* _About this exercise_
As written and without pictures, set down the lines from the one that contains "Personalized Glitter/Plaid/Leaves Tumbler" through the end of the data.
═══ Exercise data
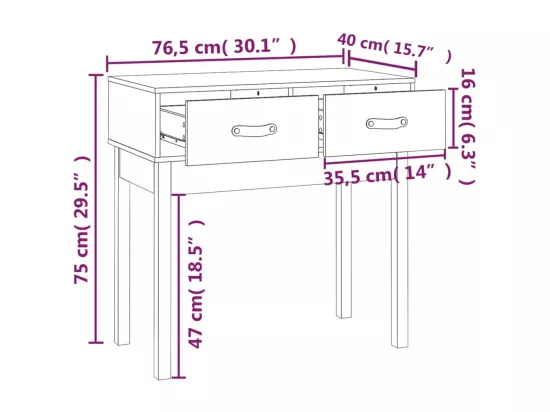 Table console Blanc 76,5x40x75 cm Bois massif de pin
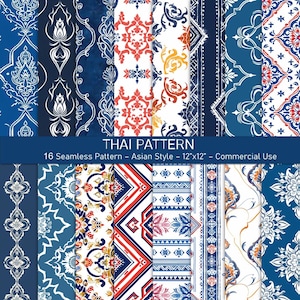 Könnte beinhalten: Ein Set mit 16 digitalen nahtlosen Mustern im thailändischen Stil. Die Muster zeigen eine Vielzahl von Farben, darunter Blau, Rot, Weiß und Gold. Die Muster eignen sich perfekt für die Verwendung in einer Vielzahl von Projekten, wie z. B. Stoff, Tapete und Scrapbooking.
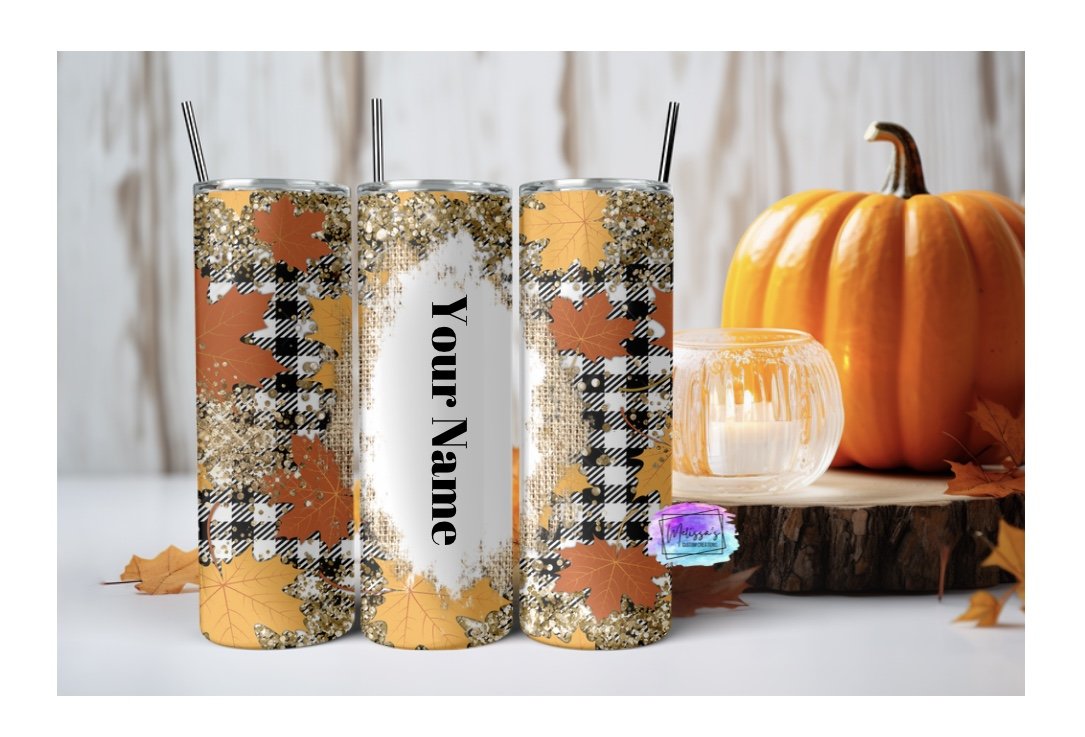 Personalized Glitter/Plaid/Leaves Tumbler
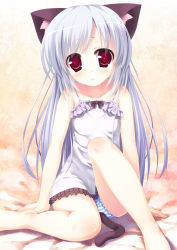 Rule 34 | 1girl, absurdres, animal ears, asou natsume, barefoot, blush, camisole, cat ears, highres, legs, long hair, open mouth, original, panties, pantyshot, red eyes, silver hair, sitting, solo, striped clothes, striped panties, tail, underwear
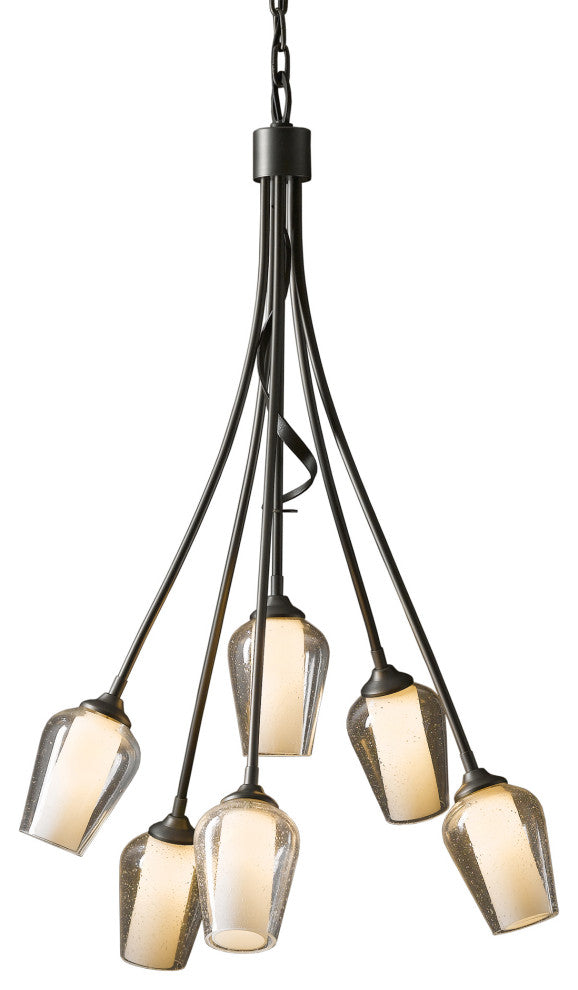 Flora 6 Arm Chandelier, Dark Smoke Finish, Opal and Seeded Glass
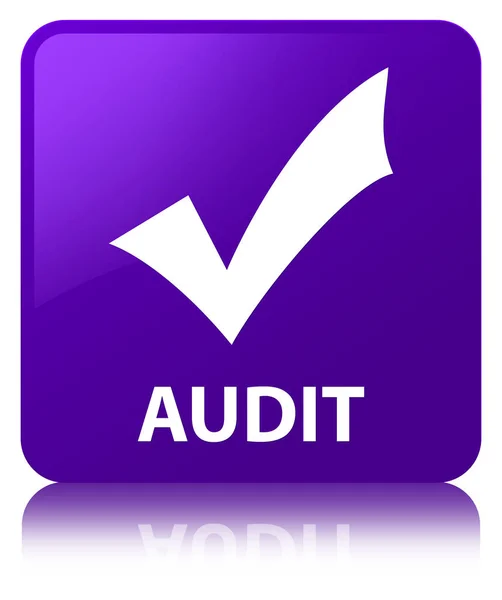 Audit (validare pictogramă) buton pătrat violet — Fotografie, imagine de stoc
══════
* _Your response_
 Personalized Glitter/Plaid/Leaves Tumbler
 Rule 34 | 1girl, absurdres, animal ears, asou natsume, barefoot, blush, camisole, cat ears, highres, legs, long hair, open mouth, original, panties, pantyshot, red eyes, silver hair, sitting, solo, striped clothes, striped panties, tail, underwear
 Flora 6 Arm Chandelier, Dark Smoke Finish, Opal and Seeded Glass
 Audit (validare pictogramă) buton pătrat violet — Fotografie, imagine de stoc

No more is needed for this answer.